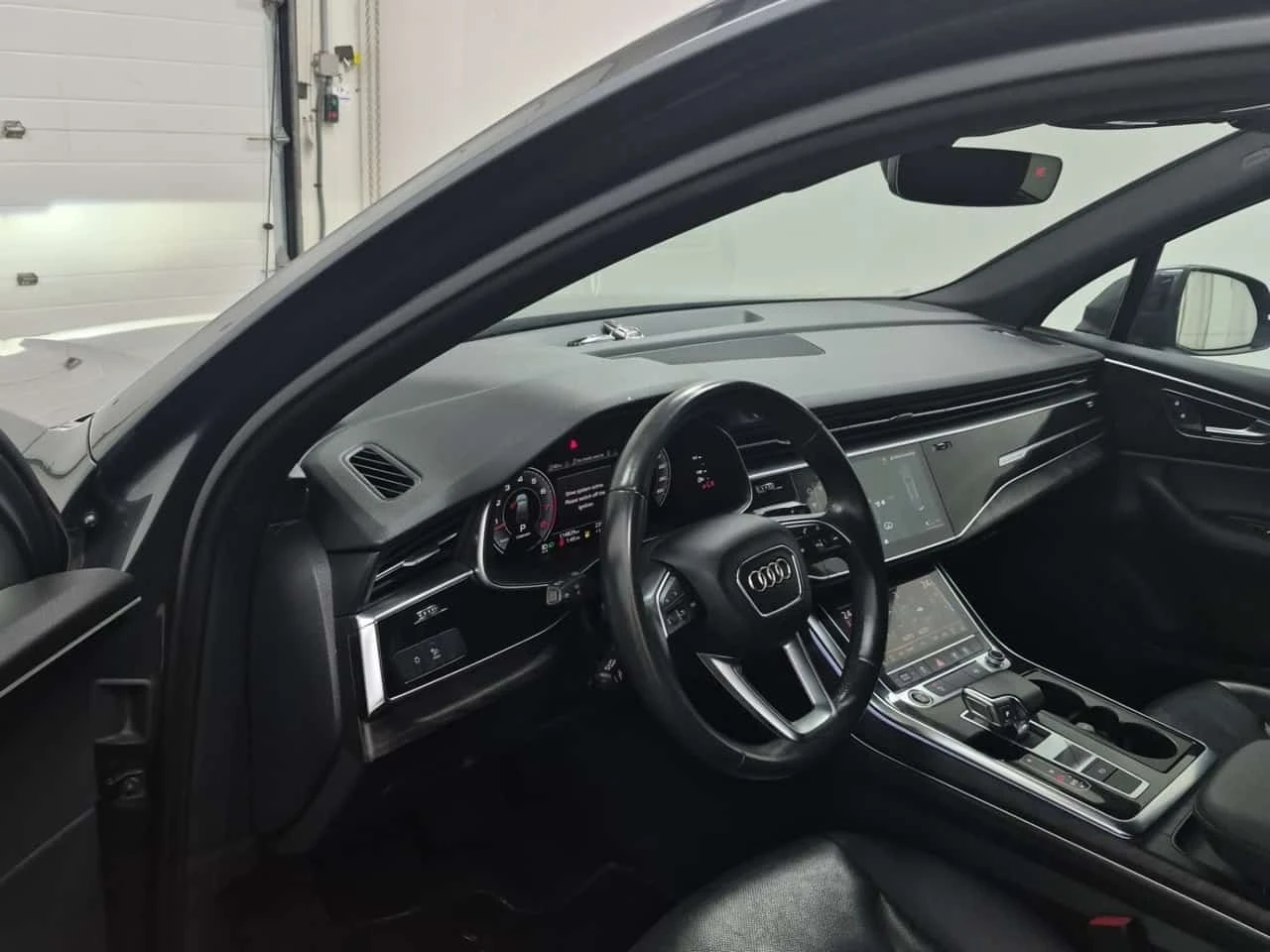 Audi Q7 * 55 Tfsi Quattro Progressiv * CARFAX * ���������� | Mobile.bg � ����������� 10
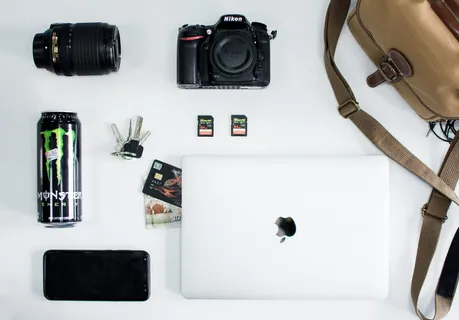 肯尼亚、内罗毕、monsterenergy、money、信用卡、智能手机、macbookpro、bagpack 肯尼亚、内罗毕、monsterenergy、money、信用卡、智能手机、macbookpro、bagpack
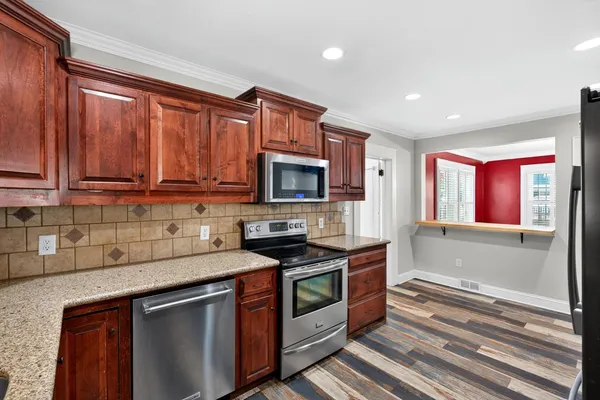 $349,900 | 212 East Fairview Avenue, Gaffney, SC 29340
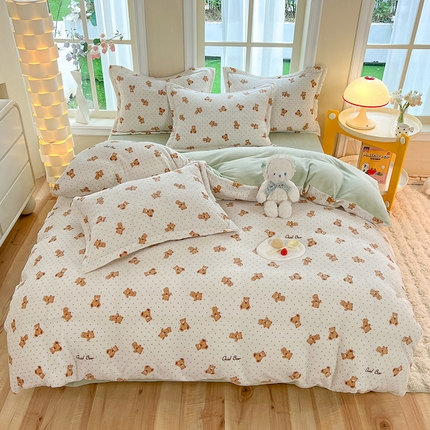 91家纺网 家纺一手货源 找家纺 妖妖家纺 2023新款牛奶绒四件套 呆萌熊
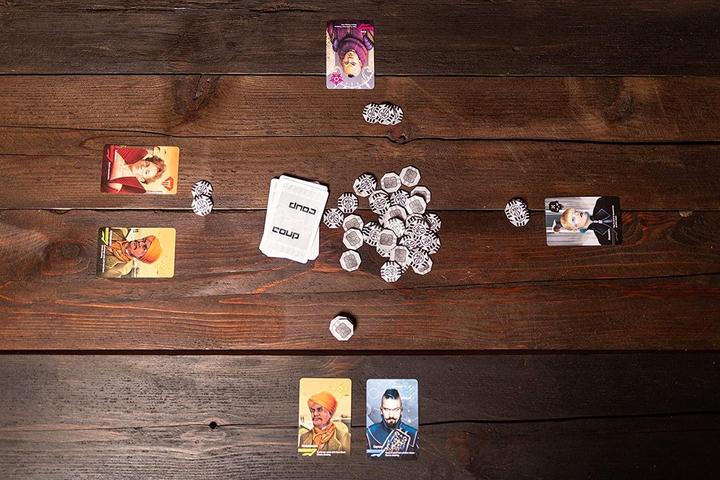 Actual product image Indie Boards & Cards Coup (English)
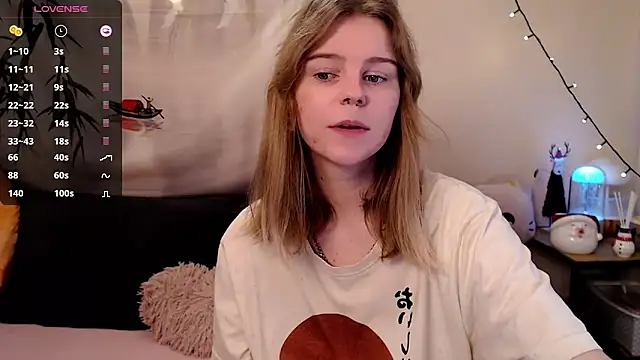 Snapshot of Moona_xx chatting on 27, 12, 2024 Moona xx online show from 27, 12, 2024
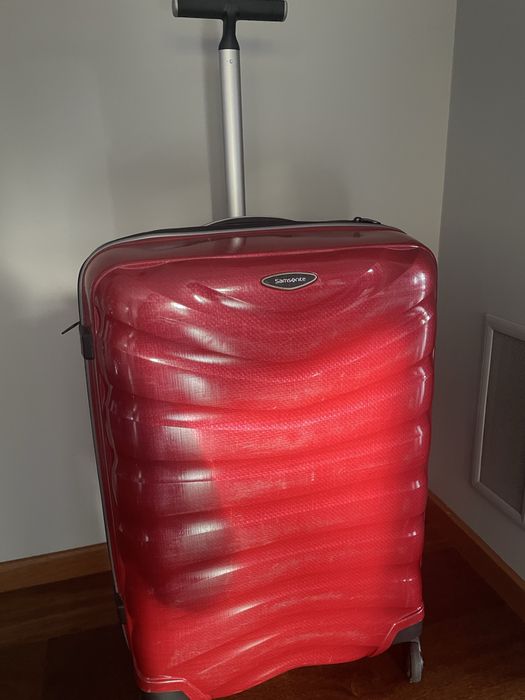 Walizka Samsonite Lite Curv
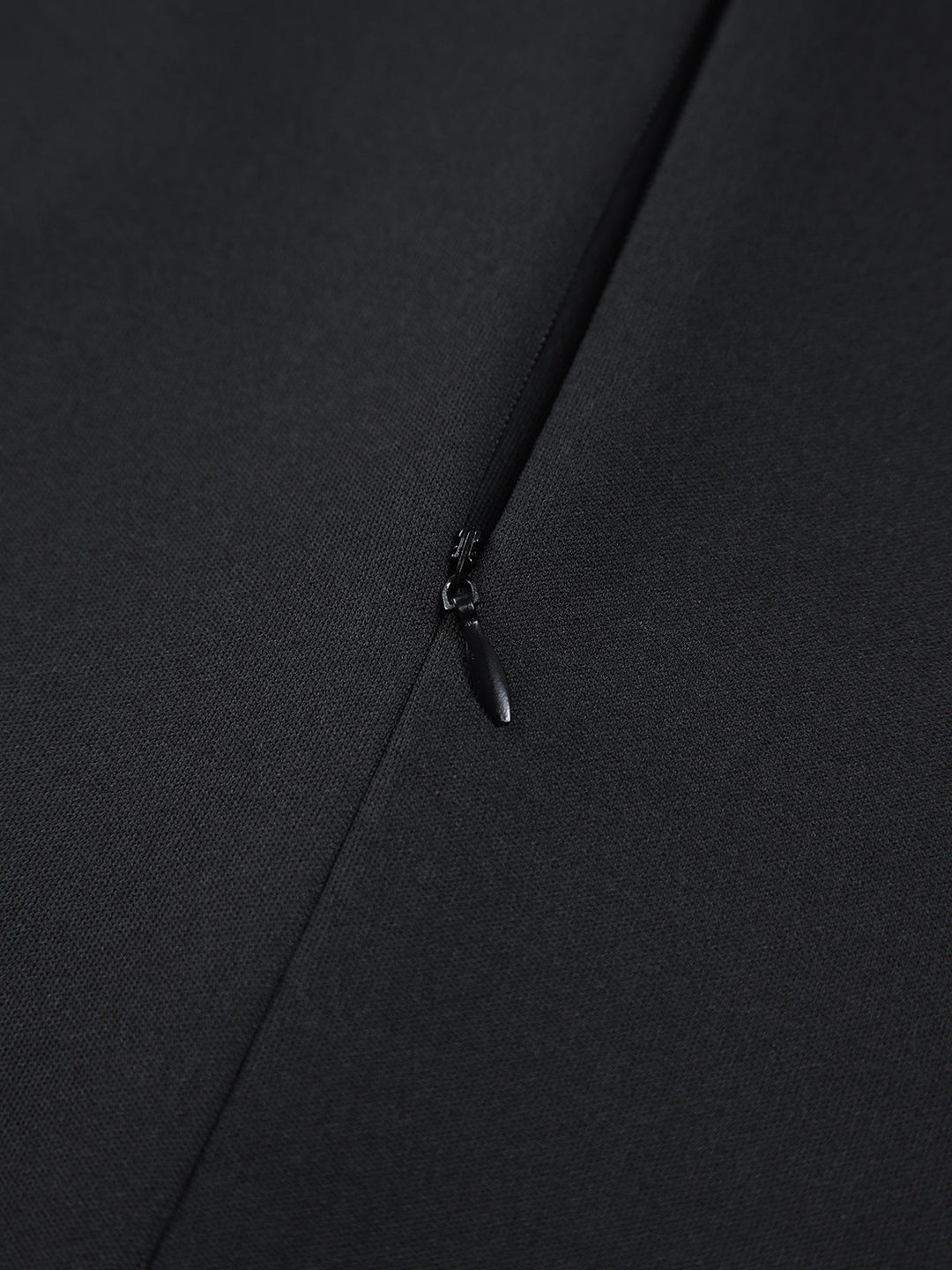 Etekleri Fırfırlı Kare Yaka Slip Kısa Elbise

☆ ☆ ☆ ☆ ☆

**TASK STATEMENT**
Exactly as written, please give again the lines from the beginning of the listing through the line containing "91家纺网 家纺一手货源 找家纺 妖妖家纺 2023新款牛奶绒四件套 呆萌熊", inclusive, without any pictures.

**TASK OUTPUT**
 Audi Q7 * 55 Tfsi Quattro Progressiv * CARFAX * ���������� | Mobile.bg � ����������� 10
 肯尼亚、内罗毕、monsterenergy、money、信用卡、智能手机、macbookpro、bagpack 肯尼亚、内罗毕、monsterenergy、money、信用卡、智能手机、macbookpro、bagpack
 $349,900 | 212 East Fairview Avenue, Gaffney, SC 29340
 91家纺网 家纺一手货源 找家纺 妖妖家纺 2023新款牛奶绒四件套 呆萌熊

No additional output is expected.